聖徳太子の隠れ聖蹟といかるがの里I-3

 並松の歌聖家藤門周斎と吉田奈良丸公徳碑―

天下の『広辞苑』斑鳩五哲

 藤門周斎(ふじのとしゅうさい・本名元弘(本弘)・元禄5(1692)~安永5(1776)年)は、並松に生まれた歌人・書家であった。雅号を「藤門斎・柳下居士」とも称した。父は藤門政春、大網公人主(おおあみのきみひとぬし・平城帝の侍臣で和歌をよくし、『萬葉集』巻3に収録)の子孫といい、代々大和国大網の里(田原本町)に住していた。屋敷門に藤棚(花)があった呼称から氏にしたと言う。父の代に居を斑鳩に移し、和歌を大木の〝森本宗範〟に学び、後京の〝烏丸光栄〟に師事し大いにその賞讃を受け子弟をも指導し、『芳野紀行』を残している。書も一時盛名を博した。

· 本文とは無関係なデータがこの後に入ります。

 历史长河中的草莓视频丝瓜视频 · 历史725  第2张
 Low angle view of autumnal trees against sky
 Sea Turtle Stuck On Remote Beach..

 中宮寺の宮と謀り龍田の川岸に往古からの法隆寺による地名移植を受けて楓樹を植え名所の再生を図った人物である。その活動は寛延年間(1748~51)に始まり幕末近代の有栖川宮・龍田保勝會へと受け継がれて行くのである。山内の宗源寺内に顕彰碑がある。『雲根志』に周斎の話が出ている。安永5年2月27日85歳で逝去。

 初代吉田奈良丸(本名竹谷奈良吉・嘉永4年3月廣瀬郡百済村の煙草問屋「竹庄」の四男として生まれる・引退後は竹廼家養徳斎を名乗り門生の養成と台本改作に努める)は明治の名浪曲家明治30年秋から20年間並松で住まいしたと云う(初め龍田・田中音一郎「綿音」家婿養子になるが、チョンガレが嵩じて離縁されたと伝える)。

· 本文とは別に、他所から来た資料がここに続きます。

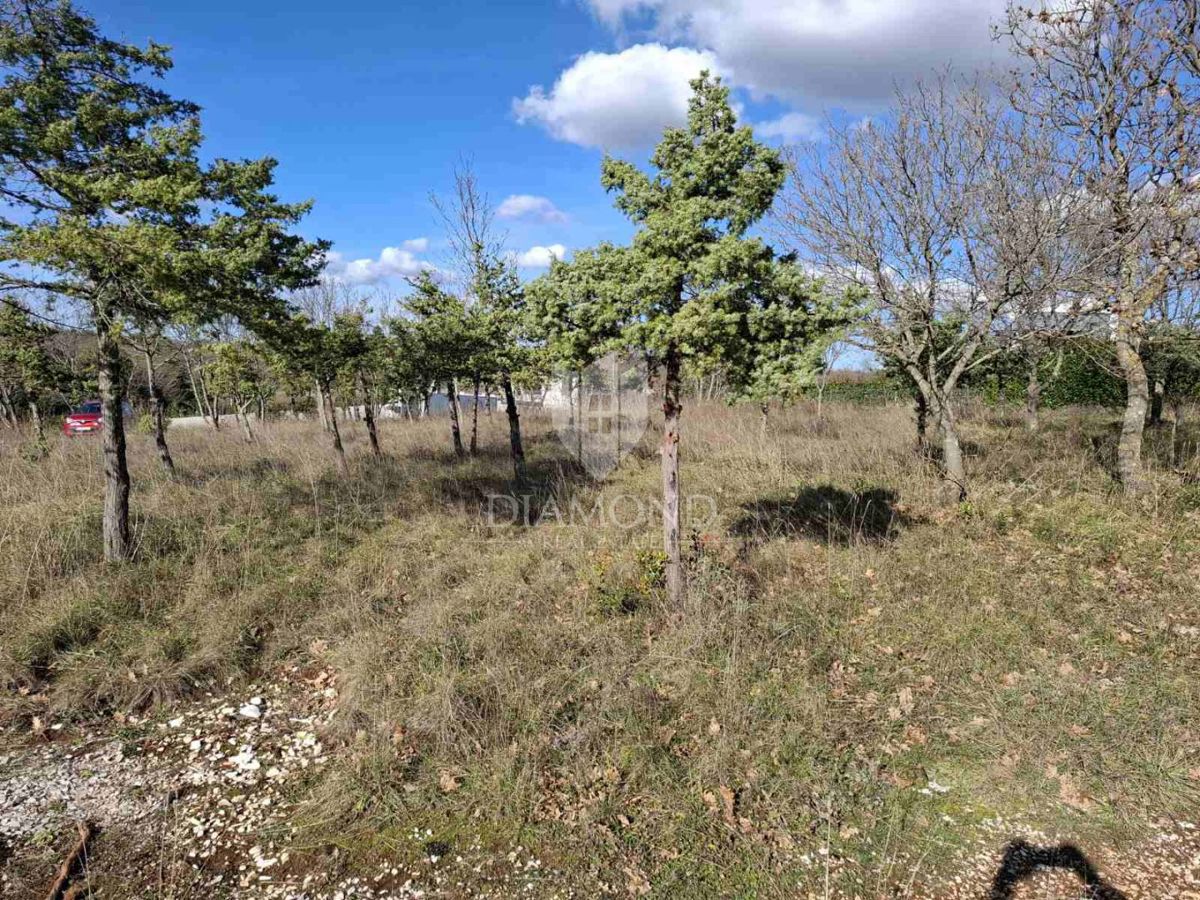 Odlično zemljišče s projektom in gradbenim dovoljenjem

 煙草問屋を大阪に持つようになり千日前にチョンガレを聞き、浪曲を吉田音丸に学び、勤勉刻苦してその奥妙を極めた。

 著作のほとんどは忠臣孝子の伝記物であるが、大阪をはじめ各地を巡業し、遠近に聞こえ好評を博した。斑鳩に60人もの弟子がいたらしい。大正4年1月65歳で逝去。法名「釋良誓」、極楽寺墓地に眠る。

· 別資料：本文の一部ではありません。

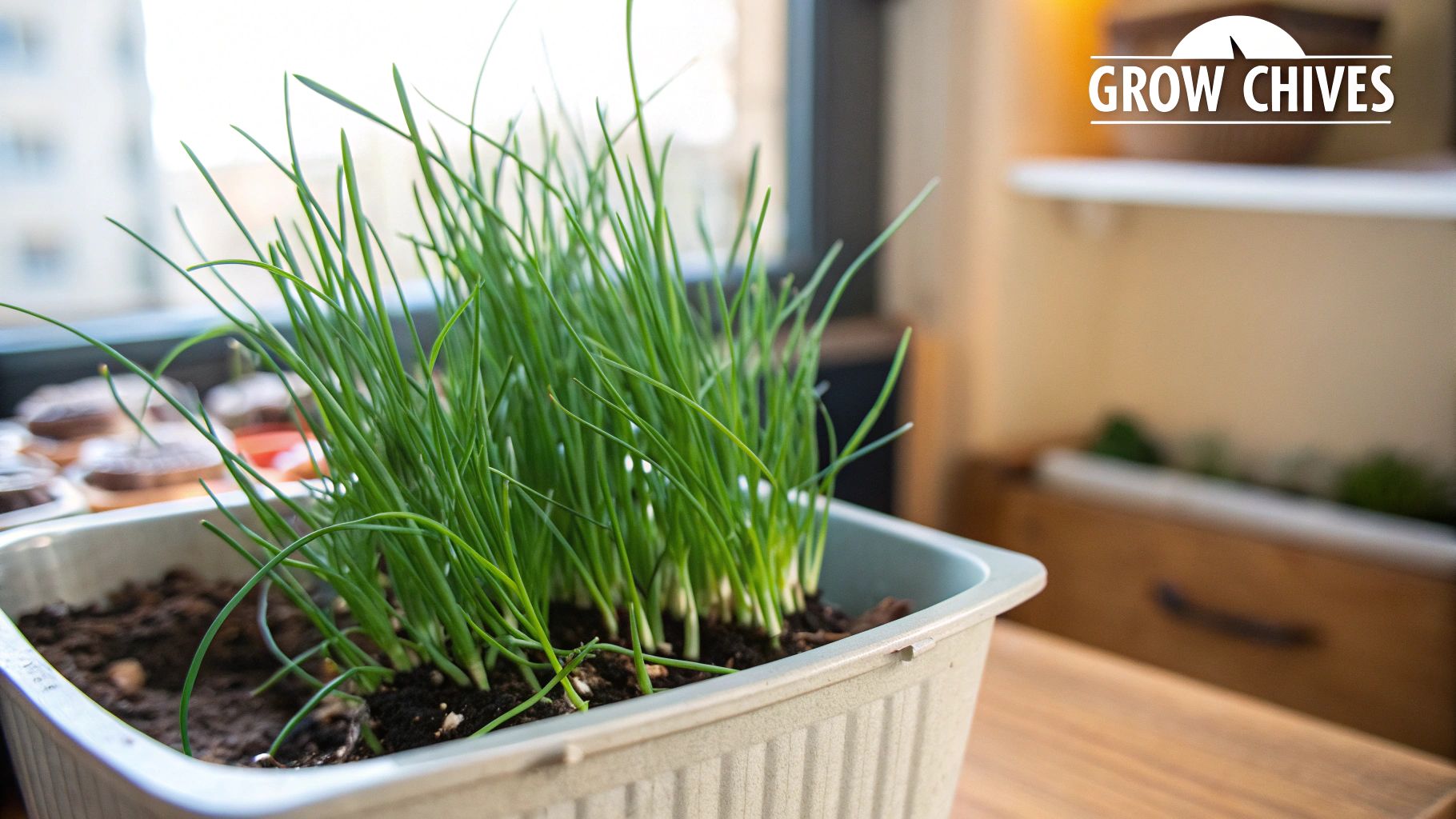 Chives (Allium schoenoprasum)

 昭和3年知己門弟によって松の馬場参道右手、並松会所北に接して立派な公徳碑「初代奈良丸之碑 正二位勲三等子爵清原朝臣宣足書」が建てられている(二代目奈良丸は下市町生まれの廣橋廣吉〝吉田小奈良〟こと「吉田大和之丞」)。

 因みに天下の『岩波広辞苑』に載る斑鳩町縁の人物は、〝聖徳太子伴林光平佐伯定胤・西岡常一この〝吉田奈良丸〟である。